The musicians' formal attire reminds you that you're listening to a serious professional symphony orchestra, but the music takes you to the wild west on toe-tapping themes from classic TV and movie westerns. Maestro Stephen Squires set the tone for ESO's "How The West Was Won" by conducting the overture in a ten-gallon hat.
The program features a wide variety of styles within this unique American symphonic music niche, pioneered in the early twentieth century by the groundbreaking works of Aaron Copland, and settling in the scores of western films, TV series, and even commercial spots. The echoes of old-time fiddlers, cavalry bugles, howling coyotes, and horses' gaits inhabit the sprawling melodies and fanfares of works like John William's "The Cowboys," and Bernstein's "The Magnificent Seven." Excerpts from Dances from Wolves and Wyatt Earp evoke the drama of gunfights and the color of prairie sunsets.
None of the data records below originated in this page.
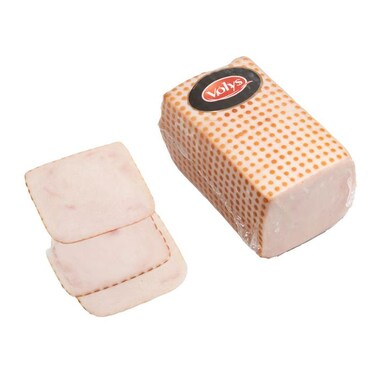 Volys Grilled Turkey Breast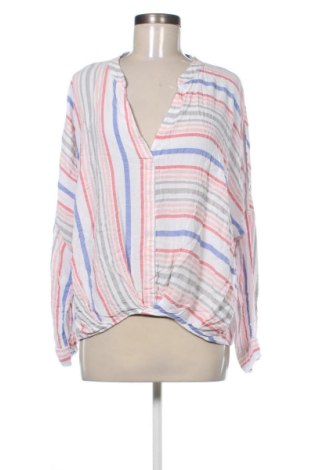 Bluză de femei Esprit, Mărime S, Culoare Multicolor, Preț 27,99 Lei, #136877904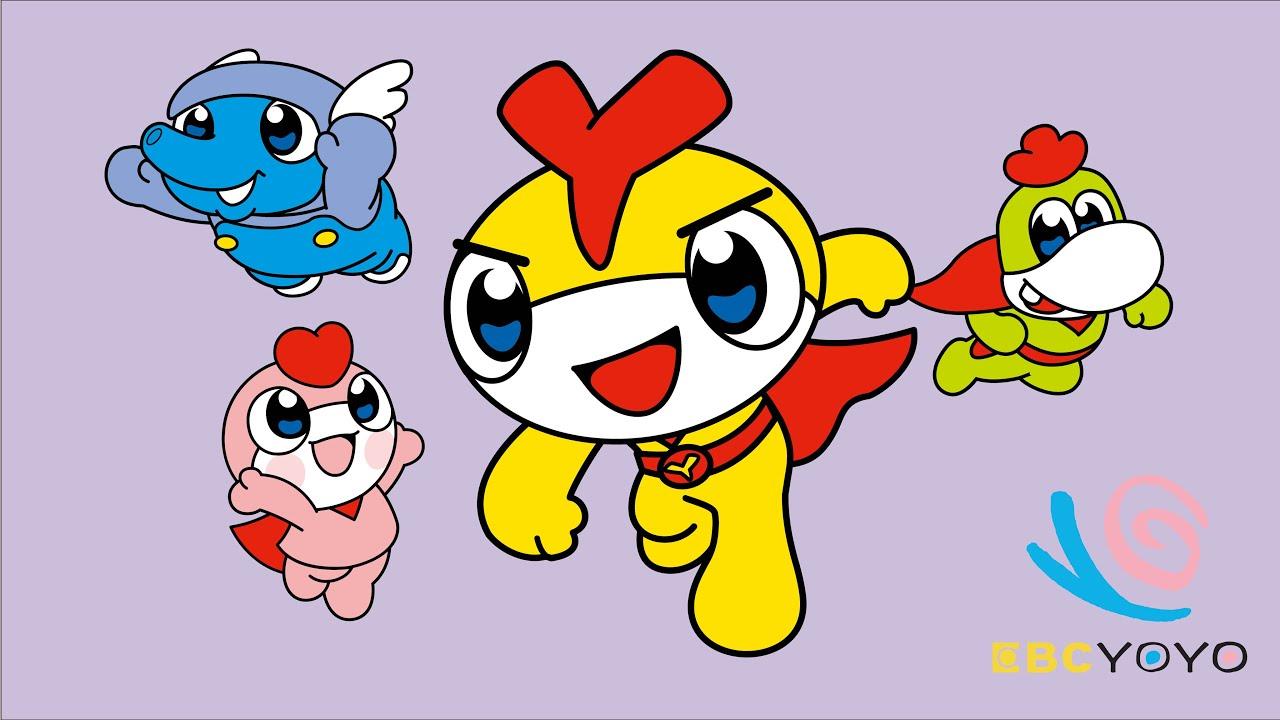 美式夏綠蒂幼兒園停課收退費通知(公文)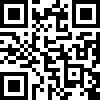 https://mehrnews.com/xXv86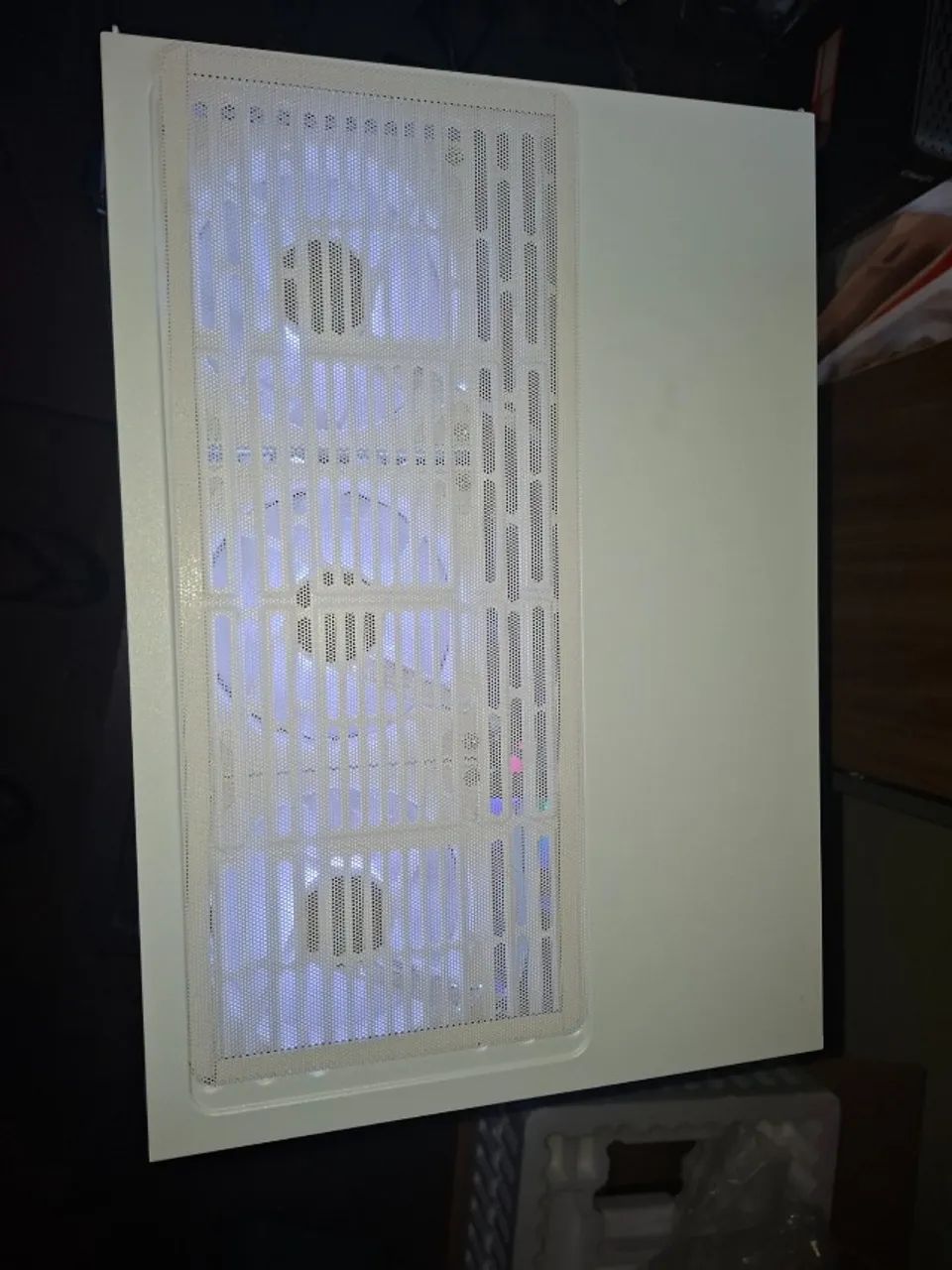 PC LINDO FUNCIONANDO PERFEITAMENTE - Foto 3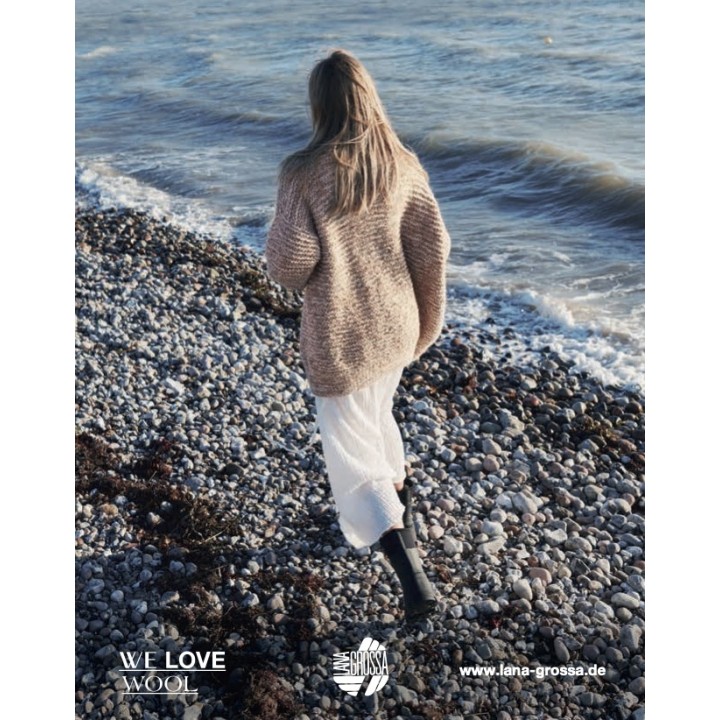 Nordic Knits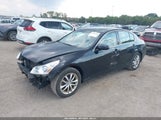 Infiniti G35X JNKBV61F77M804765 снимка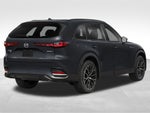 2026 Mazda Mazda CX-70 Plug-In Hybrid SC Plus AWD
The prodigious harmonica talents of guest artist Mike Runyan add authentic flavor to orchestral arrangements of American classics like Home on the Range and Shenandoah. With dramatic ease, he switches costumes and instruments throughout the program to produce an amazing range of tones that lead the ensemble in knee-slapping hoedowns and melancholy campfire ballads. Playing this repertoire that any living American will know and love, the ESO's expansive musical palette sounds better in person than any studio orchestra you'll hear in your living room or local cinema.
A western music trivia game, symphony video, and a few surprises make "How the West Was Won" a wonderful way to spend two hours this weekend. Repeat performances are at 8 pm Saturday and 3:30 pm Sunday.